January 28, 2007
I arose suddenly and just in time this morning to see nothing but blue sky and the chance to still get out of the city, as I am often wont to do. So I hustled and got my gear together, packed a lunch and was out the door to ride the Chuo line far to the northwest to Kori station. As expected, when I arrived there no staff, no maps, just my feeble 2-sentence description of the hike taken from a hiking website to guide me. There was a giant map outside the station only in Japanese which I photographed extensively with my phone as a resource which proved no use.
…I crossed one of what would be many bridges over the Tama River, the same river I play ultimate frisbee next to every Sunday far, far away in Futakotamagawa. I then realized thanks to another sign that my day would be spent on the Ootama Walking Trail.

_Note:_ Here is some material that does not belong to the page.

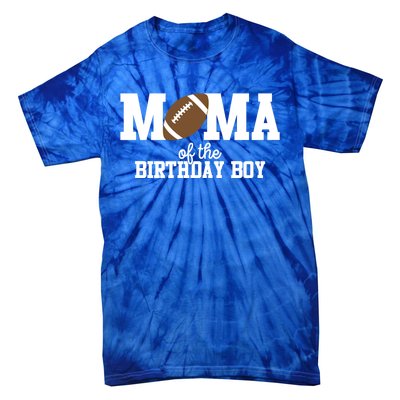 Mama Of The Birthday Football Lover First Birthday Party Cute Gift Tie-Dye T-Shirt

…Then the path began diverging without adequate signage and believing a hike up a small mountain was part of the guide I had with me from the website, I made for the closest mountain, but that would have been a disaster. As it was, I only wasted like 20 minutes thanks greatly to running into a very helpful and friendly ojisan who busted out his real maps and showed me I didn’t want to keep on the path I was going. … He went on his way and I respectfully waited a little bit so he could hike on alone as our path was now the same. I actually met him again later and he again showed me the lay of the land and I thought then I could not make it to Okutama station as the plan in my pocket suggested.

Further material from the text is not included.